Embeddings are numerical representations of a token:
- They are also known as embedding vectors, vector representations, or vectors.
- They aim to capture the semantic (meanings, context, patterns) of the embedded text.
- They represent a token and its links with other tokens based on the contexts (contextualized tokens embeddings)
- They allow measuring the semantic similarity between two tokens.
Embeddings are used for:
- Text generation
- Text classification
- Text clustering
- ...
Embeddings have the following characteristics:
- The size (number of dimensions) of the embeddings is fixed and depends on the underlying embedding model.
- Each cell in the dimension row has a numerical value (property).
- The properties (numerical values) of the embeddings are used to represent tokens.

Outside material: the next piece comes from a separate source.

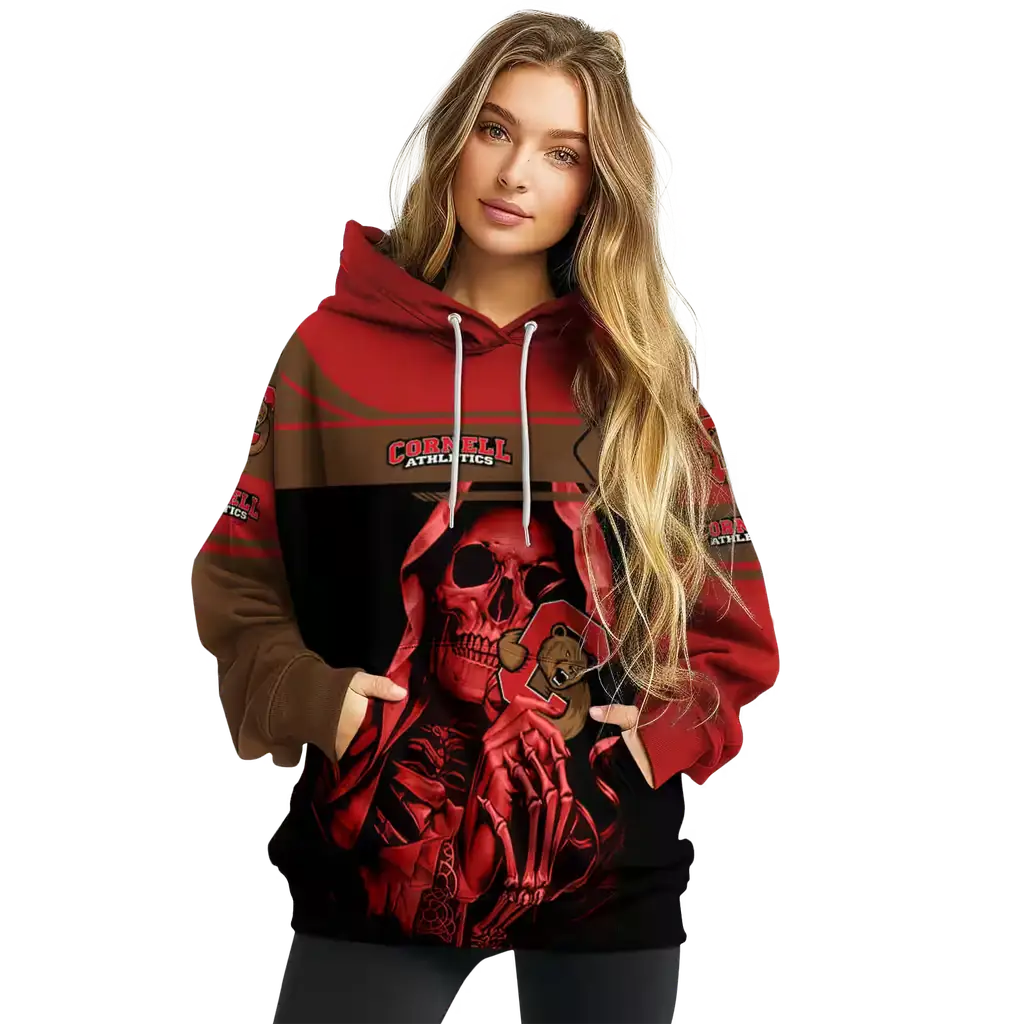 customized cornell big red grim reaper red black hoodie high quality customized cornell big red grim reaper red black hoodie high quality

A tokenizer is used in the training process of its associated model:
- The model is linked with its tokenizer and can't be used with another tokenizer.
- The model holds an embedding for each token in the tokenizer's vocabulary.
- When a model is created, its embeddings and weights are randomly initialized.
- When a model is trained, its embeddings and weights are assigned proper values that capture the semantic of each token.
Types of embeddings:
- Tokens embeddings: creating one vector that represents each token.
- Sentences embeddings: creating one vector that represents each sentence (used for categorization, semantic search RAG).
- Documents embeddings: creating one vector that represents each document (used for categorization, semantic search RAG).
When generating embeddings for text (longer than just one token) the embeddings should capture the meaning of the whole text.
One way to generate those embeddings is to average the values of all the tokens' embeddings of the text.